2.2. Heat Treatment

To vary the material properties, the investigated particles and impact plates were heat-treated in a standard vacuum furnace under varying conditions prior to the deformation processes. Table 3 gives an overview of the parameters used for heat treatment. Due to their larger dimensions and different initial microstructural states, the holding times for the impact plates have been adjusted for each step. In the table, the holding times for the microscopic particles are underlined and the holding times for the impact plates are highlighted in grey.

Heat treatments (micro: microscopic particles, macro: macroscopic samples).

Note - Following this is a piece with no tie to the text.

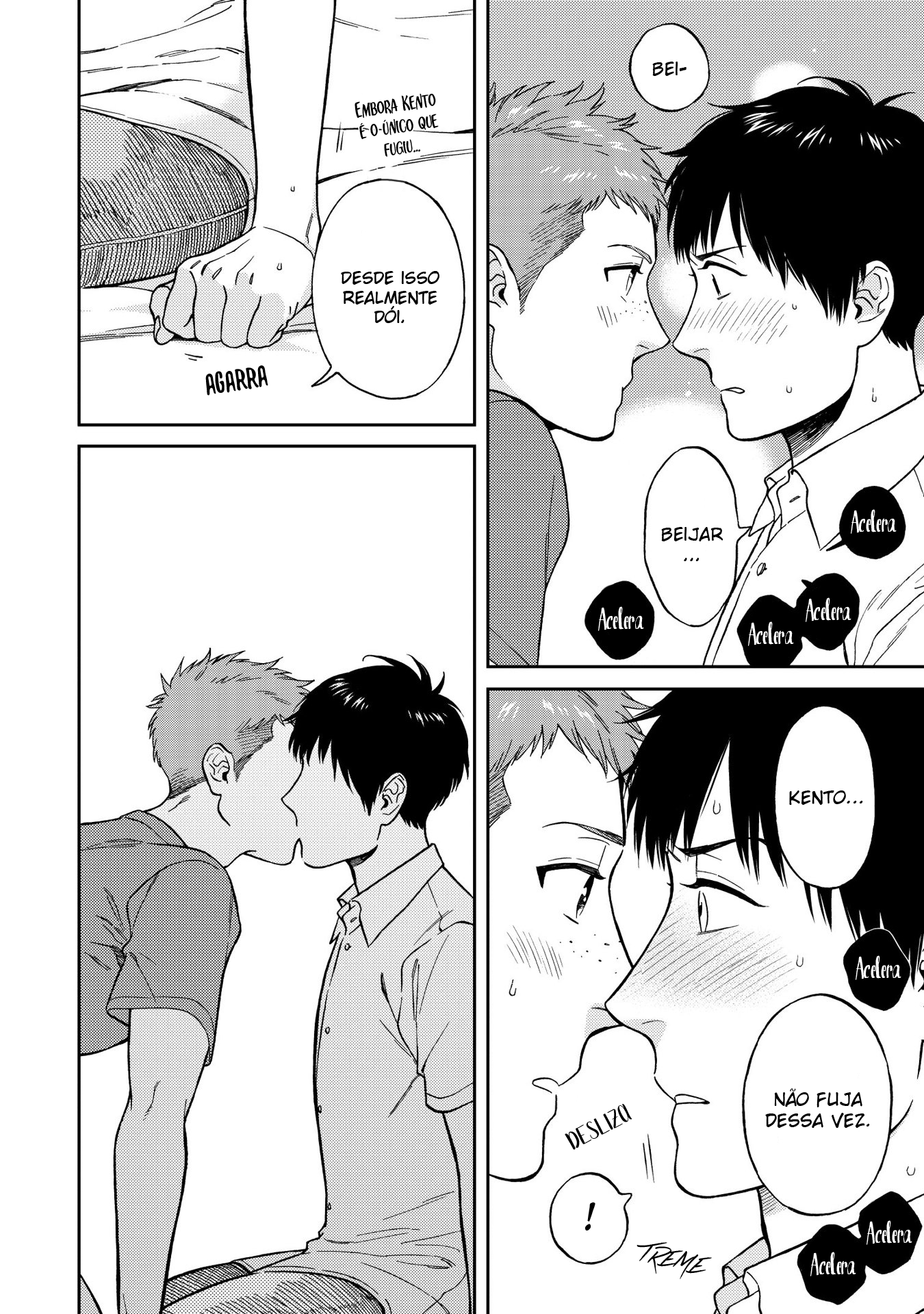 Shinyuutte Soko Made Shinakucha Ikenai no? Vol. 1 Ch. 6 第6页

Figure 4 exemplarily shows the microstructure after heat treatment for the macroscopic workpieces. The annealing treatment (SA) led to a finely distributed spherodized state of cementite within a ferritic matrix. Chromium carbides are also visible. The Q800 (800 °C) heat treatment let to fine martensitic microstructure (martensite needles) with fine carbides. The former austenite grain size can be estimated at about a diameter of 30 µm. Heating the material up to an austenitisation temperature of 950 °C (Q950) led to a dissolution of most of the iron carbides. Figure 4c) is showing a fully martensitic microstructure with a low retained austenite content. The needle martensite is coarser and the retained austenite is light optically visible. Due to the austenitizing in the austenite field above A_cm no globular cementite is present any more. The Q1050 (1050 °C) variant is showing a coarse needle martensite microstructure with retained austenite. Because of the high austenitizing temperature, all carbides of iron and chromium carbide type are solute and a pronounced grain grows has occurred. The prior austenite grain size can be estimated to approx. 100 µm diameter. The morphology has changed from fine needle martensite into a coarse needle and stringer martensite with chevron martensite being present in some areas. Figure 4e shows the microstructure of the QT (quenched and tempered) variant. The tempering at 180°C of the quenched martensitic microstructure with very fine dispersed non optical microscopy visible retained austenite was achieved. Additionally, fine dispersed spherical carbides can be seen in the microstructure. Along with the carbides in some instances very little nonmartensitic black etching microstructure constituents can be seen, that are identified as troostite.

Microstructure of the macroscopic samples for single-impact peening after the heat treatment (a) SA, (b) Q800, (c) Q950, (d) Q1050, (e) QT); etched 25–60 s in 3% alcoholic HNO₃.